Enough! How long are we going to sell – or buy – ourselves into slavery? Really, this isn’t just an issue of credit systems, but of the entire system of production and consumption. When we decided to stop making what we use, or knowing who made it or where it came from or what’s in it; when we decided it was easier and cheaper to let someone else manage and truly know our trade, our laws, our “self”-rule, and we stopped caring whether or not we understood what they did; when we chose quantity of everything over quality of anything. I am beginning to abhor the system I live in, and my own role in it.

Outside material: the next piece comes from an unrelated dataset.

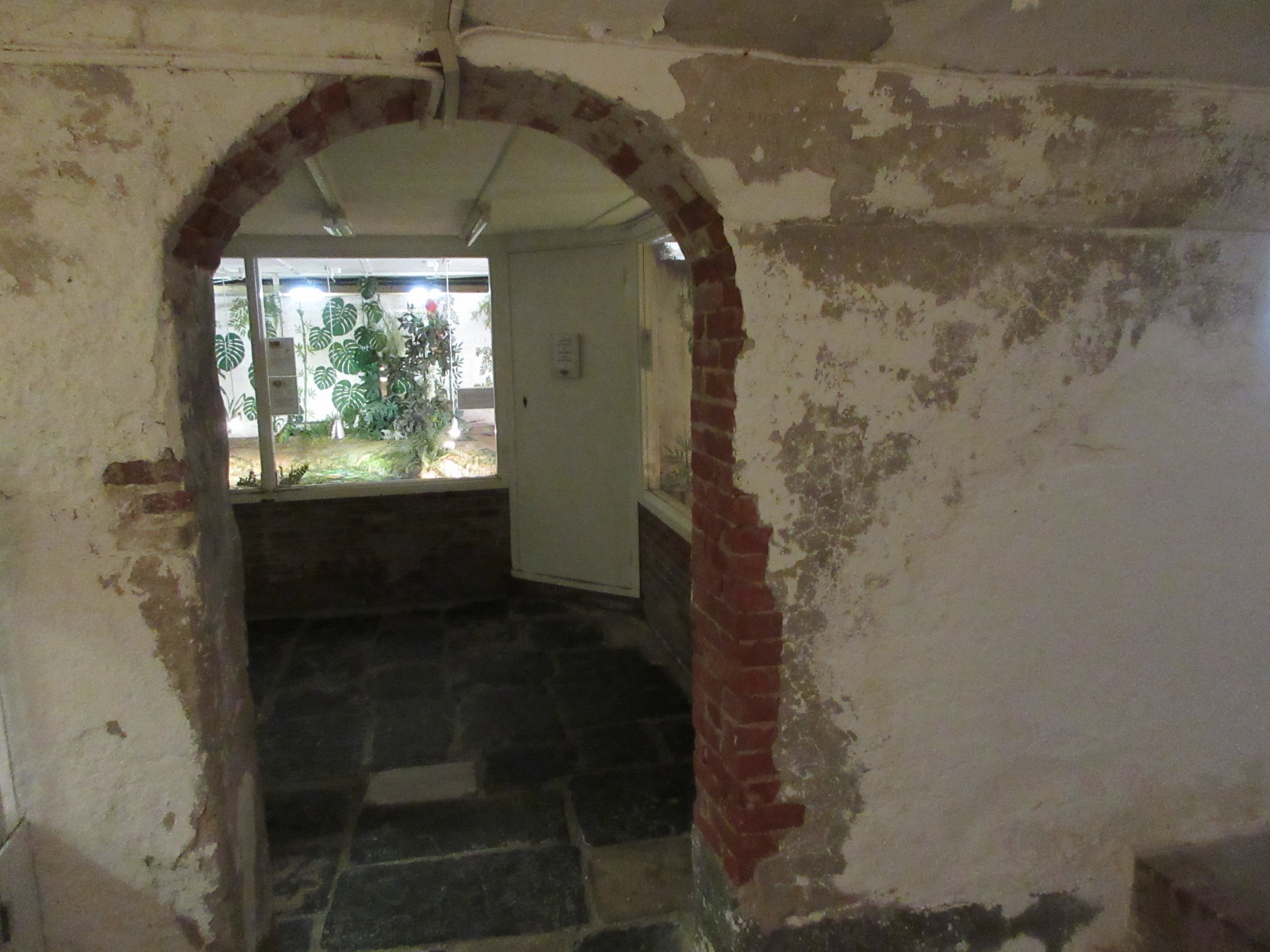 Crumbling passageway in 1600s building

I want the sustainable life: based on as direct a relationship and understanding of the world and people around me as I can possibly manage. I’m not sure anymore why all these activities and all the busyness of my life right is so important, when it is mostly concerned with keeping up such inequity and degradation. Tell me what is more important that making sure I know those who live with and around me; that I know who grows my food or makes my clothes and tools, and how; that I provide or produce the things that I and others need; that I raise my family and care for my neighbors; that I help us work out our differences and have just and loving dealings with one another? What is my life focused on if not these things? And don’t say serving the Lord wherever I am; these very things are the essence of serving the Lord in practice. And I live a life right now that distracts (if not keeping me outright) from all of them.
This was going to be a post about why I wasn’t going to participate in the credit system anymore besides paying off my existing obligations; but it suddenly became something else. I feel this call again to change my life so radically, much as I felt it last year. But I still want to do this in community – I think I’d have to to make it work – but I don’t know where to find those other people. I sadly think I might have to go from Boston to do it; how far am I willing to go (literally and figuratively) to live this life to which I think I may be called?